Source: https://jamanetwork.com/journals/jamanetworkopen/article-abstract/2774707

Text:

Severe acute respiratory syndrome coronavirus 2 (SARS-CoV-2), the etiology of coronavirus disease 2019 (COVID-19), is readily transmitted person to person. Optimal control of COVID-19 depends on directing resources and health messaging to mitigation efforts that are most likely to prevent transmission, but the relative importance of such measures has been disputed.

Output:

[0, 47, 'Severe acute respiratory syndrome coronavirus 2', 'OG', 0.94914675]
[49, 59, 'SARS-CoV-2', 'OG', 0.9634031]
[78, 102, 'coronavirus disease 2019', 'DS', 0.88417387]
>>> [104, 109, 'COVID', 'OG', 0.49266842]
>>> [109, 112, '-19', 'DS', 0.96979624]
[175, 183, 'COVID-19', 'DS', 0.94552827]

Example 3

Source: https://www.sciencedirect.com/science/article/pii/S0163445320307179

Text:

A significant number of reported COVID-19 cases can be traced back to superspreader events (SSEs), where a disproportionally large number of secondary cases relative to the standard reproductive rate, R0, are initiated. Although a superspreader is an individual who undergoes more viral shedding and transmission than others, it appears likely that environmental factors have a substantial role in SSEs. We categorise SSEs into two distinct groups: ‘societal’ and ‘isolated’ SSEs.

Output:

>>> [33, 38, 'COVID', 'OG', 0.70883656]
>>> [38, 41, '-19', 'DS', 0.72856104]
tsantosh7 commented 5 months ago

hi @tskir

Thank you for documenting this issue.
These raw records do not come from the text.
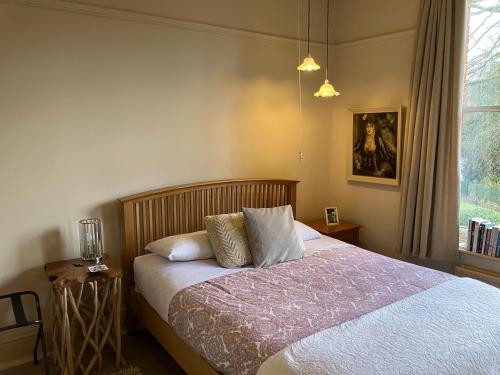 מיטה או מיטות בחדר ב-Cornerstones Guest House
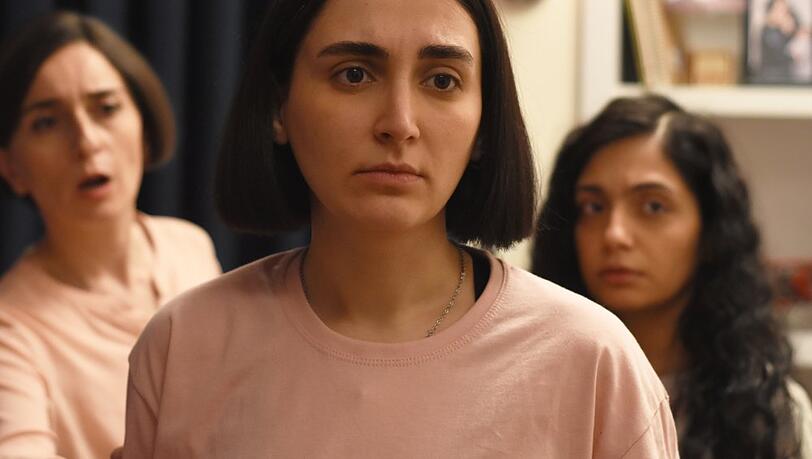 Darstellerin Mahsa Rostami (Vordergrund) in "Die Saat des heiligen Feigenbaums".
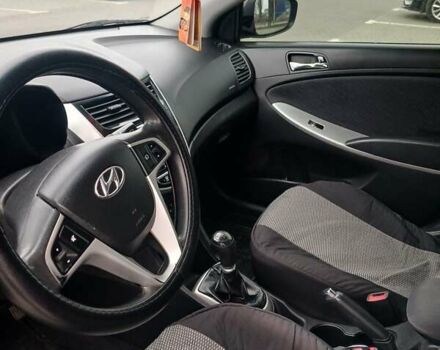 Серый Хендай Акцент, объемом двигателя 1.4 л и пробегом 238 тыс. км за 5950 $, фото 8 на Automoto.ua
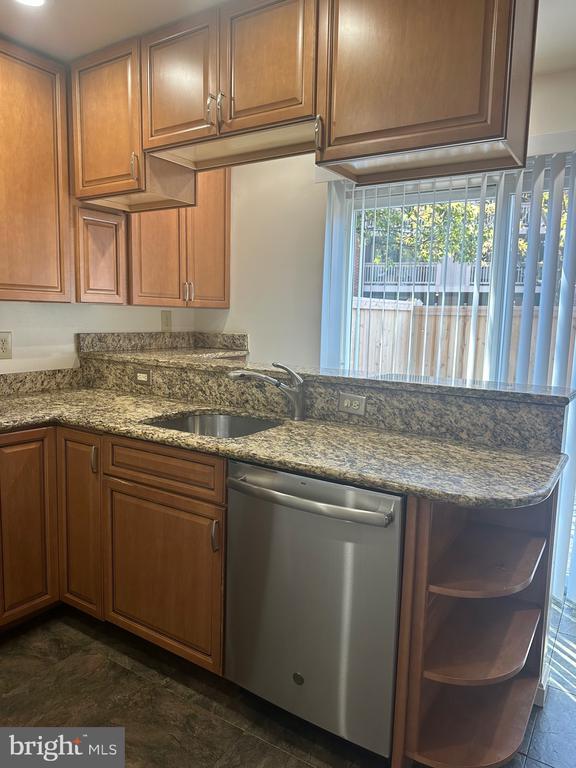 Building Photo - 560 Colecroft Ct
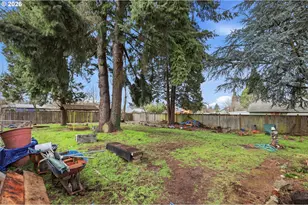 1012 7th St, Springfield, OR 97477 - Photo 31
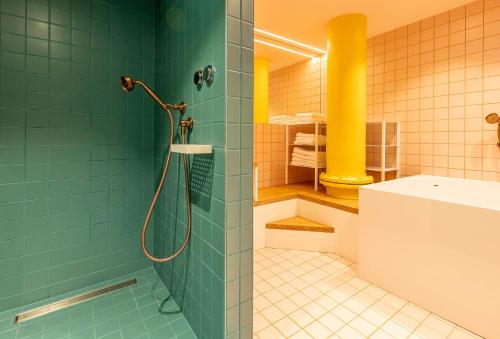 A bathroom at Kindadom - Maison pour vacances insolites et inoubliables en Belgique
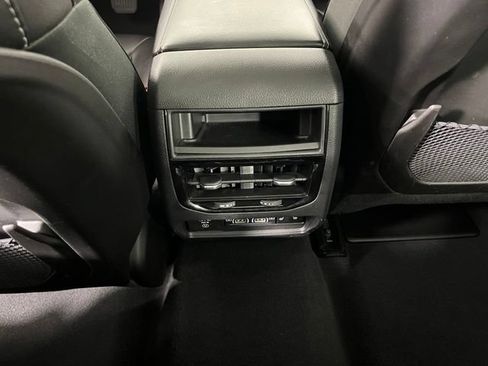 Used 2024 Jeep Grand Cherokee Limited AWD/4WD image 41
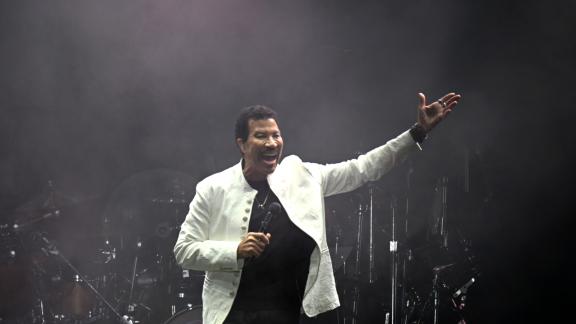 Lionel Richie a Umbria Jazz 2025: le foto più belle Lionel Richie a Umbria Jazz 2025: le foto più belle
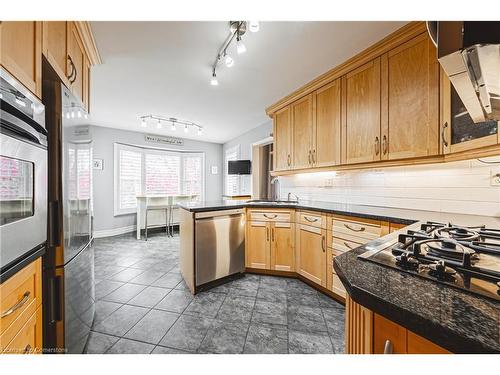 145 Dragoon Drive, Hamilton, ON - Indoor Photo Showing Kitchen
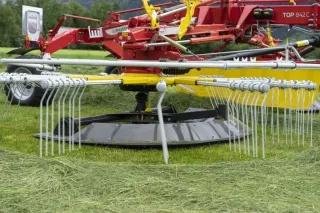 Detail rotorového shrnovače Pöttinger TOP 842 C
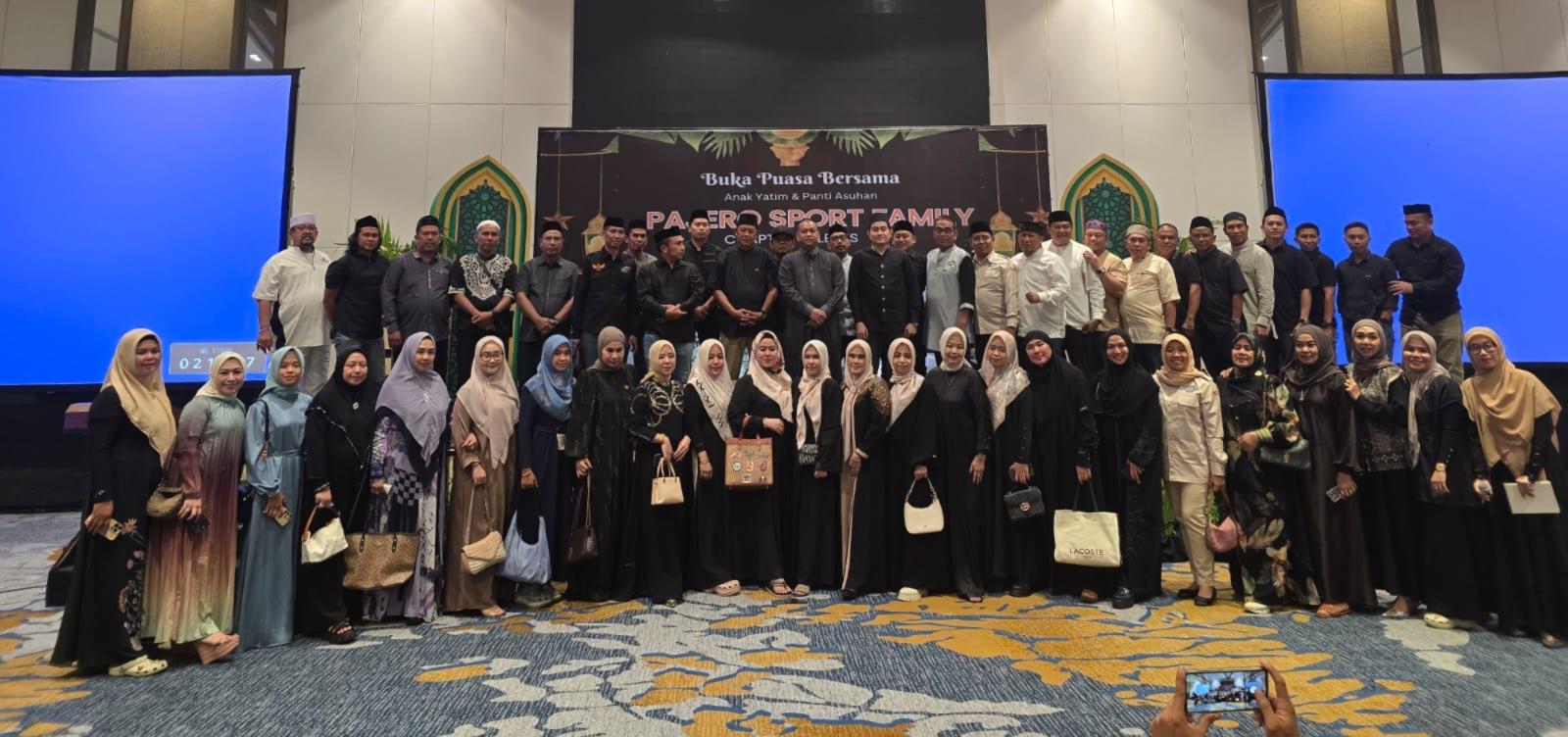 Puluhan-anak-yatim-berbuka-puasa-bersama-anggota-Pajero-Sport-Family-32434.jpg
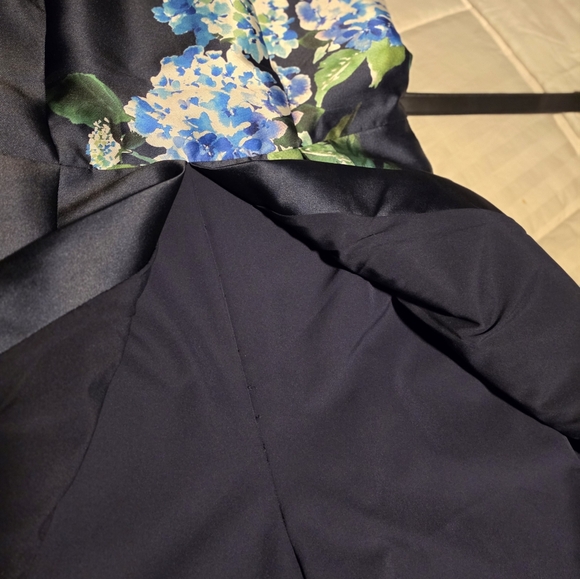 Kay Unger Barbara Floral Gown.  - Picture 13 of 16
The reasons for this problem are twofold:

  1. COVID-19 was not in the training set
  2. Non overlapping span in the training set

We are aware of this issue and made a work for the Spans for our open targets submission at https://github.com/ML4LitS/otar-maintenance/blob/main/OTAR_new_pipeline_fulltext_bioformer_cluster_all.py

for all_ent in pred:
            my_sentence = batch_sentences[count]
            if all_ent:
                x_list_=[]
                for ent in all_ent:
                    if my_sentence[ent['start']:ent['end']] in ['19', 'COVID', 'COVID-19']:
                        ent['entity_group'] = 'DS'
                    x_list_.append([ent['start'], ent['end'], ent['entity_group'], my_sentence[ent['start']:ent['end']]])

Fixed in the newer version: I have added new data with COVID-19 annotations and retrained the model recently. Hopefully, this should be sorted.